On peut également ne pas être sensible à toute l’imagerie messianique appuyée par la caméra de Snyder, mais elle fait pourtant parti de l’ADN du personnage. Mélange improbable de Moïse et du Golem imaginé dans les années 30 par des immigrants juifs qui ressentaient – avec raison – le besoin de proposer une figure protectrice, Superman a évolué vers une figure christique si ce n’est divine, embrassant allègrement son statut de dieu solaire des temps modernes. La présence d’un tel personnage sur Terre ne peut qu’interpeller la population qui ne peut pas naïvement l’adorer à l’unisson. Quant à l’abus d’images christiques, les comics qui pointent de ce sens sont pourtant là. L’exemple le plus frappant de la lance de kryptonite rappelant celle du centurion Longinus blessant le Christ qui trouve bel et bien son origine dans plusieurs histoires issues des comics !
Beaucoup opposent les films de Snyder à l’atmosphère enthousiaste des productions de la Maison des Idées d’en face.
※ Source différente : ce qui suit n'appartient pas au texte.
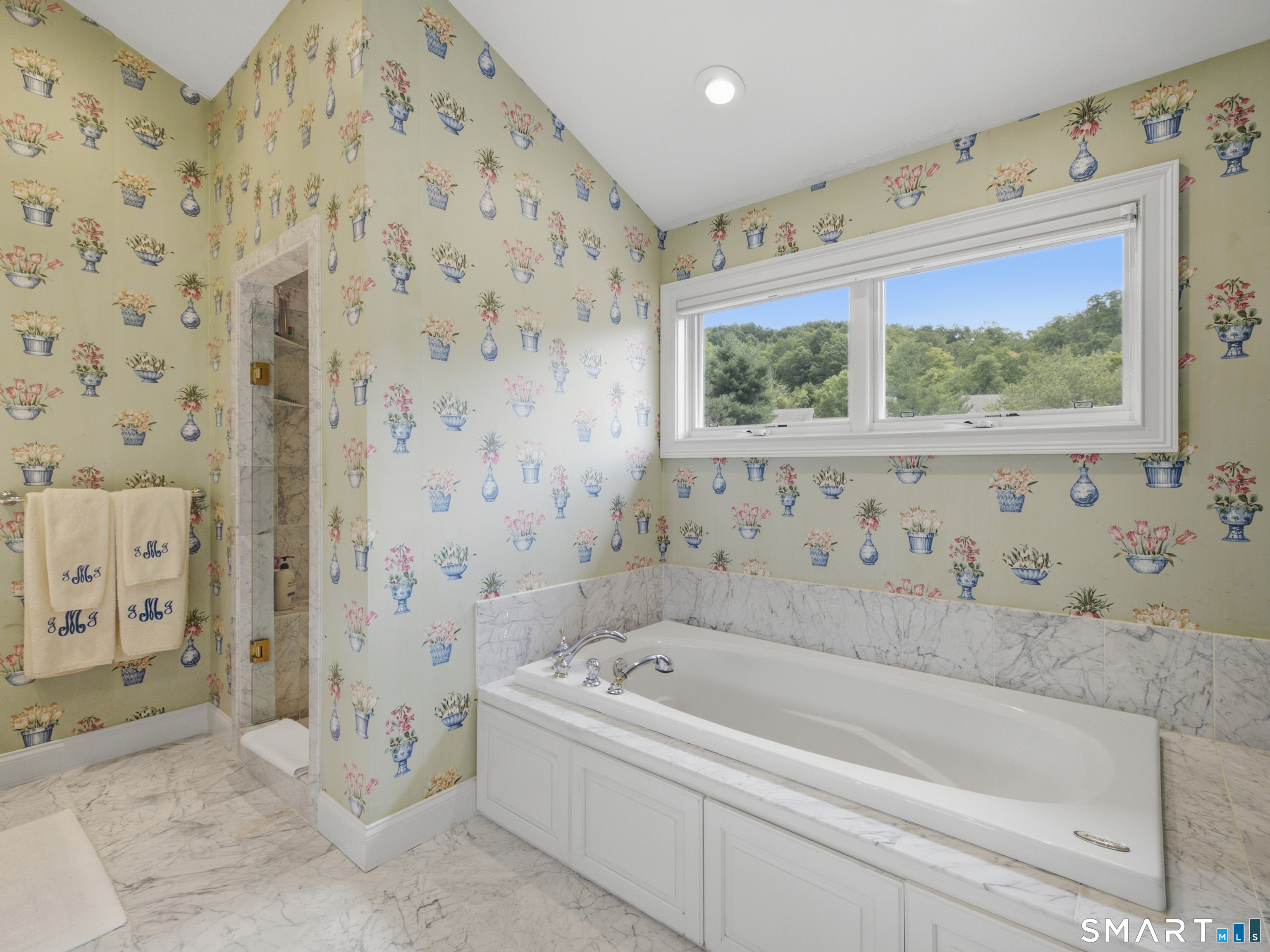 2 Shirecrest, Unit 2 Avon, CT 06001 - Photo 20 of 39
Pourtant, les thématiques abordées dans les films DC se retrouvent également chez la concurrence : dès le premier Iron Man l’institution (ici représentée par le S.H.I.E.L.D.) tente de la contrôler, Hulk est une menace poursuivie par toute l’US Army, la divinité de Thor est sans cesse remise en doute, Captain America souffre des affres de la guerre, les Avengers ne peuvent stopper une invasion extra-terrestre sans qu’une grande partie de New York, bâtiments comme population, y passent. Et chez Marvel, ce sont deux demi-douzaines de héros qui vont s’affronter prochainement dans Captain America: Civil War ! Aucun studio n’ignore donc les dégâts matériels et l’impact psychologique de l’apparition des surhommes, mais la forme diffère. Et tant mieux ! Le lecteur de comics qui apprécie la distraction aussi bien que l’introspection est gagnant, on ne lui impose pas un seul registre sur lequel les films du genre se calquent inexorablement.
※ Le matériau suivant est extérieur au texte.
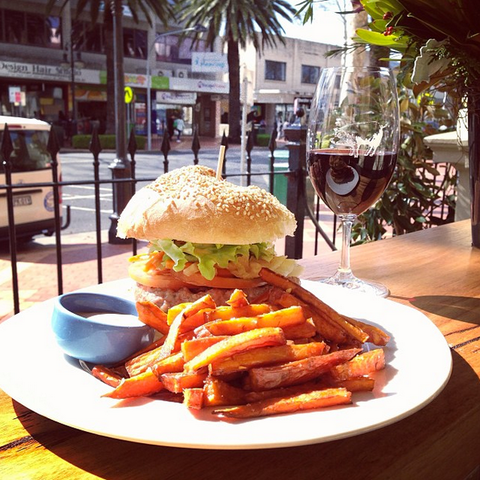 The Pig & Tinder Box - Accommodation in Bendigo 2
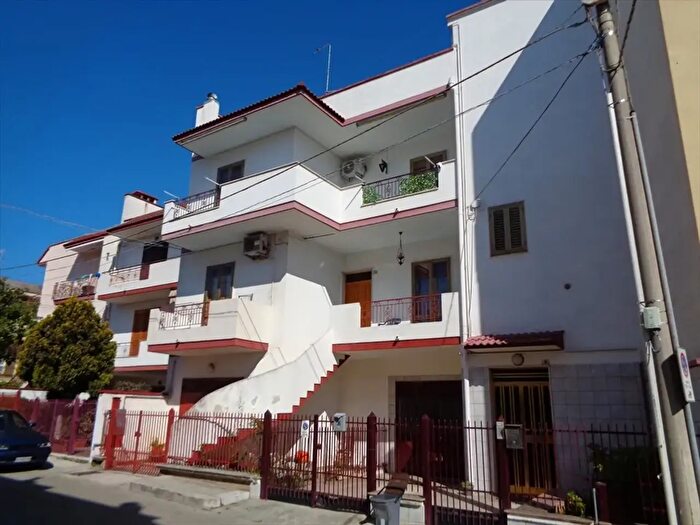 Casa quadrilocale in vendita in Via dei Cinquecento, Palo Del Colle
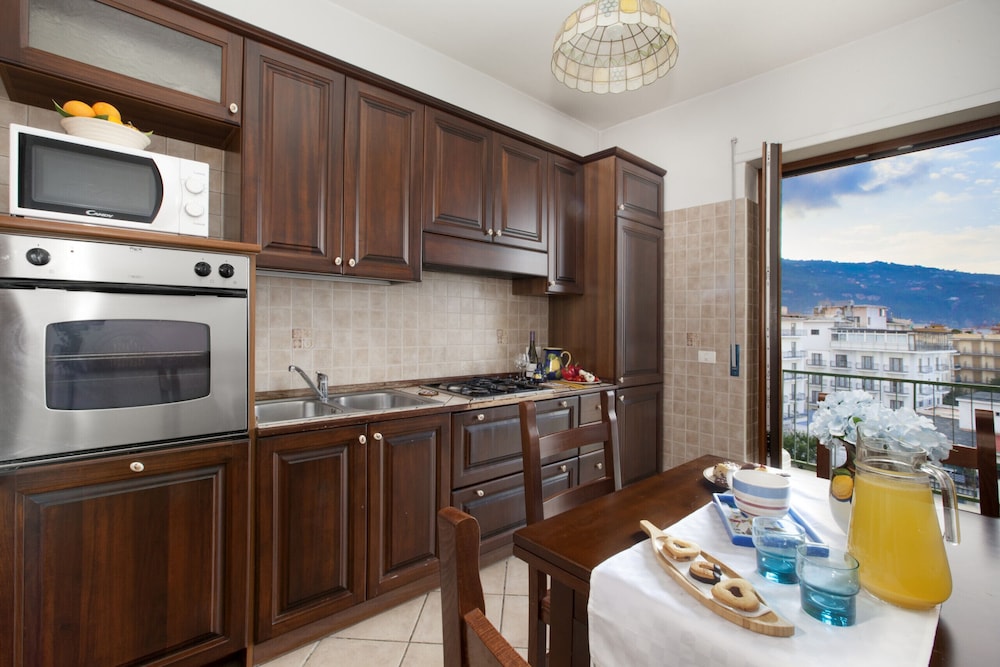 Estate4home - Casa Miramare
Et Superman dans tout ça ? Ses faiblesses, sa difficulté à trouver la bonne attitude à adopter le rendent justement plus qu’humain ! Le Superman d’Henri Cavill n’est pas le Superman de Christopher Reeve tout simplement parce qu’il n’arrive pas (encore ?) à l’être. Et en ce sens, il devient tout aussi intéressant que les précédentes incarnations qui l’ont précédé et qui ont gravé l’image du boy-scout infaillible dans l’inconscient collectif. Si le profane se retrouve à accepter plus facilement un Superman qui sort des clous, le lecteur de comics confirmé devrait pourtant être le premier à être habitué à voir un Superman qui doit faire ses preuves face à la société. L’événement Legends de 1987 se basait sur ce postulat à une échelle plus grande avec l’ensemble de la population super-héroïque mise à mal. Au début des années 2000, Jeph Loeb déclarait Superman et Batman ennemis publiques dans son premier story-arc de Superman/Batman. La fin de la série animée Superman de Bruce Timm tout comme la seconde saison de l’excellente Young Justice se basait sur l’idée d’un Superman pour le premier et l’ensemble de la caste costumée pour le second qui étaient honnis de la population. Certes, les super-vilains ne sont jamais étrangers à l’impopularité des héros, mais la solution au problème se règle inexorablement par un véritable travail de longue haleine. Reprocher à Batman v. Superman de jouer sur le tableau de la méfiance envers les surhommes, c’est reprocher au film de s’inspirer du fond d’idées qui anime les comics ces dernières années plutôt que de revenir encore une fois aux fondamentaux. J’adore toujours les deux films de Richard Donner pour leur optimisme inébranlable. J’ai défendu Superman Returns qui est une magnifique lettre d’amour à ce sens du merveilleux perdu. Et pourtant, je ne fais que me réjouir de voir cette nouvelle approche de Superman. Que ce soit dans ce film ou Man of Steel, la prestation d’Henri Cavill comme l’écriture prise par son personnage ne font pas parties de mes reproches.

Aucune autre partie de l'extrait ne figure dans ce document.